**TASK REQUIREMENTS**:
Give back the records in full, with every line exactly as it was.

━━━ DATASET EXCERPTS

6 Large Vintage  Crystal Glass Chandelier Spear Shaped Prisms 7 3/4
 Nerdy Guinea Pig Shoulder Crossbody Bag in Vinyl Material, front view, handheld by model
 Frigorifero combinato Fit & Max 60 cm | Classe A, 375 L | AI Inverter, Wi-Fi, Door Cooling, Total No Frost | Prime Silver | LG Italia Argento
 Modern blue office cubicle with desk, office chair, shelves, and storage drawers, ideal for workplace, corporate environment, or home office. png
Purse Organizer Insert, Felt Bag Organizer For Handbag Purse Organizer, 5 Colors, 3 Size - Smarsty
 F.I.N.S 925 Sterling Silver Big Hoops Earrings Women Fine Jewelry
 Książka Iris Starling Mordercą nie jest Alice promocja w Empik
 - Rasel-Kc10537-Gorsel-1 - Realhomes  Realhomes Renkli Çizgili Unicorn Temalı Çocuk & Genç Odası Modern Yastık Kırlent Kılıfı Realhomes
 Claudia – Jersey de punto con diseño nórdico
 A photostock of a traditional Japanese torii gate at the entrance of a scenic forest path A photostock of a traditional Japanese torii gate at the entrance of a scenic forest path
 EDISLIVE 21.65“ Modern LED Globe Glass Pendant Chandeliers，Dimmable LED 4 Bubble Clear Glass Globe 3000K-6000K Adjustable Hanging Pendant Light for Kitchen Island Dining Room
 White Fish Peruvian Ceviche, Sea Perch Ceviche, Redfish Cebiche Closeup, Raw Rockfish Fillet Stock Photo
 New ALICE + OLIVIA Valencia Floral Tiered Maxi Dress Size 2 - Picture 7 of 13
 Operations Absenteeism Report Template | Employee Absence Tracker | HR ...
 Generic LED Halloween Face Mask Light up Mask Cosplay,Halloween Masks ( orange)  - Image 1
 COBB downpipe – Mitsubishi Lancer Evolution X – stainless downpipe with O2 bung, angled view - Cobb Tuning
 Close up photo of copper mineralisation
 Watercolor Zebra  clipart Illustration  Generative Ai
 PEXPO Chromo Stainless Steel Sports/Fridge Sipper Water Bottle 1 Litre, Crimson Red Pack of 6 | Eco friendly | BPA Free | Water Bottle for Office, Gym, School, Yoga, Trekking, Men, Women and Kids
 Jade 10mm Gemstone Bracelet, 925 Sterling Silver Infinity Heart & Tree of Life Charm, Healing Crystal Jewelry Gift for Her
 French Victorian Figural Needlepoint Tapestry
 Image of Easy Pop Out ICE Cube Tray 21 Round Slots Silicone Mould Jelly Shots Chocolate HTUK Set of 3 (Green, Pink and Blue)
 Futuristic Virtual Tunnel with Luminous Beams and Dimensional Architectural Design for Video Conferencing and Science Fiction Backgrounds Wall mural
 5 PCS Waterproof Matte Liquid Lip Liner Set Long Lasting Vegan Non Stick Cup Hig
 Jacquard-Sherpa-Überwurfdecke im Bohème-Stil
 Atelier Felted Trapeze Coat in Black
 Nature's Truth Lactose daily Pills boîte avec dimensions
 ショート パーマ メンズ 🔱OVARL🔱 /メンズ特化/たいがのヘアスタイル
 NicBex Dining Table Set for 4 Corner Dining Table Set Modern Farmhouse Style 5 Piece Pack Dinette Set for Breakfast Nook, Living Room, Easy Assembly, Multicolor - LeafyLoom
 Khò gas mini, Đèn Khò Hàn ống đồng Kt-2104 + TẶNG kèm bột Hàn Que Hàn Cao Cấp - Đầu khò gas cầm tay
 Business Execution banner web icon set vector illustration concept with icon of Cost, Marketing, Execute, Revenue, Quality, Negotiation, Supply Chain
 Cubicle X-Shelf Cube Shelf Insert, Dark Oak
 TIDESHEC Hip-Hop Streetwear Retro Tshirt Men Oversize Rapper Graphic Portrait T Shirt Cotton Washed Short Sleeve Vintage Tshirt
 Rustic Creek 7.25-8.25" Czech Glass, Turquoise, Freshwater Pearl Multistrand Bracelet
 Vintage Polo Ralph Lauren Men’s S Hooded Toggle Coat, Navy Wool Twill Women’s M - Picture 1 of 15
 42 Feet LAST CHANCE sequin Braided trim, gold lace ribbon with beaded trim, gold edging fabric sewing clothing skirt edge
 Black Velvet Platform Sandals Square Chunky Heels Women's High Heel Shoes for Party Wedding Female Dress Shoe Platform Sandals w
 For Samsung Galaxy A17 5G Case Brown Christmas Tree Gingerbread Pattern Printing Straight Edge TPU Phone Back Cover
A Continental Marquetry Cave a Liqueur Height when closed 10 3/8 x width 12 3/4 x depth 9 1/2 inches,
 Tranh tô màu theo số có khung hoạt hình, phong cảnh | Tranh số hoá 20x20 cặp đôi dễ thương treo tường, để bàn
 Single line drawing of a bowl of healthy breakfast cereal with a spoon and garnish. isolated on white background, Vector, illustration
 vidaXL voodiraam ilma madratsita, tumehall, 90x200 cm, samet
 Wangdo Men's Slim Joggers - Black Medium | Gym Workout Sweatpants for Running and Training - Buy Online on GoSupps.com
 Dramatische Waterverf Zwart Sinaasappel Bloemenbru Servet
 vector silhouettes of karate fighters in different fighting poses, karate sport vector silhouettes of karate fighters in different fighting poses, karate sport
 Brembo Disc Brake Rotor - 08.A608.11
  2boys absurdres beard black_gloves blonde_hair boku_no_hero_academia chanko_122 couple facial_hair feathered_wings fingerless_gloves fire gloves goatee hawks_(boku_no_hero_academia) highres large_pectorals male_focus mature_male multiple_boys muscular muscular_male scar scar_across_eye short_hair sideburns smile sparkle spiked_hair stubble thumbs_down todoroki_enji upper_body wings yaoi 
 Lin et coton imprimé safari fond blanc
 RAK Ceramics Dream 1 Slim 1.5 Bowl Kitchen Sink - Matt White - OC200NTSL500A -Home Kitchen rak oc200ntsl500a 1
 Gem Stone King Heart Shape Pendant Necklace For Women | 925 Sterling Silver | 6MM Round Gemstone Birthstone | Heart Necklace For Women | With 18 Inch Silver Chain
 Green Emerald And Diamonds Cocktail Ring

━━━━━━

**SOLUTION TO THIS EXERCISE**:
6 Large Vintage  Crystal Glass Chandelier Spear Shaped Prisms 7 3/4
 Nerdy Guinea Pig Shoulder Crossbody Bag in Vinyl Material, front view, handheld by model
 Frigorifero combinato Fit & Max 60 cm | Classe A, 375 L | AI Inverter, Wi-Fi, Door Cooling, Total No Frost | Prime Silver | LG Italia Argento
 Modern blue office cubicle with desk, office chair, shelves, and storage drawers, ideal for workplace, corporate environment, or home office. png
Purse Organizer Insert, Felt Bag Organizer For Handbag Purse Organizer, 5 Colors, 3 Size - Smarsty
 F.I.N.S 925 Sterling Silver Big Hoops Earrings Women Fine Jewelry
 Książka Iris Starling Mordercą nie jest Alice promocja w Empik
 - Rasel-Kc10537-Gorsel-1 - Realhomes  Realhomes Renkli Çizgili Unicorn Temalı Çocuk & Genç Odası Modern Yastık Kırlent Kılıfı Realhomes
 Claudia – Jersey de punto con diseño nórdico
 A photostock of a traditional Japanese torii gate at the entrance of a scenic forest path A photostock of a traditional Japanese torii gate at the entrance of a scenic forest path
 EDISLIVE 21.65“ Modern LED Globe Glass Pendant Chandeliers，Dimmable LED 4 Bubble Clear Glass Globe 3000K-6000K Adjustable Hanging Pendant Light for Kitchen Island Dining Room
 White Fish Peruvian Ceviche, Sea Perch Ceviche, Redfish Cebiche Closeup, Raw Rockfish Fillet Stock Photo
 New ALICE + OLIVIA Valencia Floral Tiered Maxi Dress Size 2 - Picture 7 of 13
 Operations Absenteeism Report Template | Employee Absence Tracker | HR ...
 Generic LED Halloween Face Mask Light up Mask Cosplay,Halloween Masks ( orange)  - Image 1
 COBB downpipe – Mitsubishi Lancer Evolution X – stainless downpipe with O2 bung, angled view - Cobb Tuning
 Close up photo of copper mineralisation
 Watercolor Zebra  clipart Illustration  Generative Ai
 PEXPO Chromo Stainless Steel Sports/Fridge Sipper Water Bottle 1 Litre, Crimson Red Pack of 6 | Eco friendly | BPA Free | Water Bottle for Office, Gym, School, Yoga, Trekking, Men, Women and Kids
 Jade 10mm Gemstone Bracelet, 925 Sterling Silver Infinity Heart & Tree of Life Charm, Healing Crystal Jewelry Gift for Her
 French Victorian Figural Needlepoint Tapestry
 Image of Easy Pop Out ICE Cube Tray 21 Round Slots Silicone Mould Jelly Shots Chocolate HTUK Set of 3 (Green, Pink and Blue)
 Futuristic Virtual Tunnel with Luminous Beams and Dimensional Architectural Design for Video Conferencing and Science Fiction Backgrounds Wall mural
 5 PCS Waterproof Matte Liquid Lip Liner Set Long Lasting Vegan Non Stick Cup Hig
 Jacquard-Sherpa-Überwurfdecke im Bohème-Stil
 Atelier Felted Trapeze Coat in Black
 Nature's Truth Lactose daily Pills boîte avec dimensions
 ショート パーマ メンズ 🔱OVARL🔱 /メンズ特化/たいがのヘアスタイル
 NicBex Dining Table Set for 4 Corner Dining Table Set Modern Farmhouse Style 5 Piece Pack Dinette Set for Breakfast Nook, Living Room, Easy Assembly, Multicolor - LeafyLoom
 Khò gas mini, Đèn Khò Hàn ống đồng Kt-2104 + TẶNG kèm bột Hàn Que Hàn Cao Cấp - Đầu khò gas cầm tay
 Business Execution banner web icon set vector illustration concept with icon of Cost, Marketing, Execute, Revenue, Quality, Negotiation, Supply Chain
 Cubicle X-Shelf Cube Shelf Insert, Dark Oak
 TIDESHEC Hip-Hop Streetwear Retro Tshirt Men Oversize Rapper Graphic Portrait T Shirt Cotton Washed Short Sleeve Vintage Tshirt
 Rustic Creek 7.25-8.25" Czech Glass, Turquoise, Freshwater Pearl Multistrand Bracelet
 Vintage Polo Ralph Lauren Men’s S Hooded Toggle Coat, Navy Wool Twill Women’s M - Picture 1 of 15
 42 Feet LAST CHANCE sequin Braided trim, gold lace ribbon with beaded trim, gold edging fabric sewing clothing skirt edge
 Black Velvet Platform Sandals Square Chunky Heels Women's High Heel Shoes for Party Wedding Female Dress Shoe Platform Sandals w
 For Samsung Galaxy A17 5G Case Brown Christmas Tree Gingerbread Pattern Printing Straight Edge TPU Phone Back Cover
A Continental Marquetry Cave a Liqueur Height when closed 10 3/8 x width 12 3/4 x depth 9 1/2 inches,
 Tranh tô màu theo số có khung hoạt hình, phong cảnh | Tranh số hoá 20x20 cặp đôi dễ thương treo tường, để bàn
 Single line drawing of a bowl of healthy breakfast cereal with a spoon and garnish. isolated on white background, Vector, illustration
 vidaXL voodiraam ilma madratsita, tumehall, 90x200 cm, samet
 Wangdo Men's Slim Joggers - Black Medium | Gym Workout Sweatpants for Running and Training - Buy Online on GoSupps.com
 Dramatische Waterverf Zwart Sinaasappel Bloemenbru Servet
 vector silhouettes of karate fighters in different fighting poses, karate sport vector silhouettes of karate fighters in different fighting poses, karate sport
 Brembo Disc Brake Rotor - 08.A608.11
  2boys absurdres beard black_gloves blonde_hair boku_no_hero_academia chanko_122 couple facial_hair feathered_wings fingerless_gloves fire gloves goatee hawks_(boku_no_hero_academia) highres large_pectorals male_focus mature_male multiple_boys muscular muscular_male scar scar_across_eye short_hair sideburns smile sparkle spiked_hair stubble thumbs_down todoroki_enji upper_body wings yaoi 
 Lin et coton imprimé safari fond blanc
 RAK Ceramics Dream 1 Slim 1.5 Bowl Kitchen Sink - Matt White - OC200NTSL500A -Home Kitchen rak oc200ntsl500a 1
 Gem Stone King Heart Shape Pendant Necklace For Women | 925 Sterling Silver | 6MM Round Gemstone Birthstone | Heart Necklace For Women | With 18 Inch Silver Chain
 Green Emerald And Diamonds Cocktail Ring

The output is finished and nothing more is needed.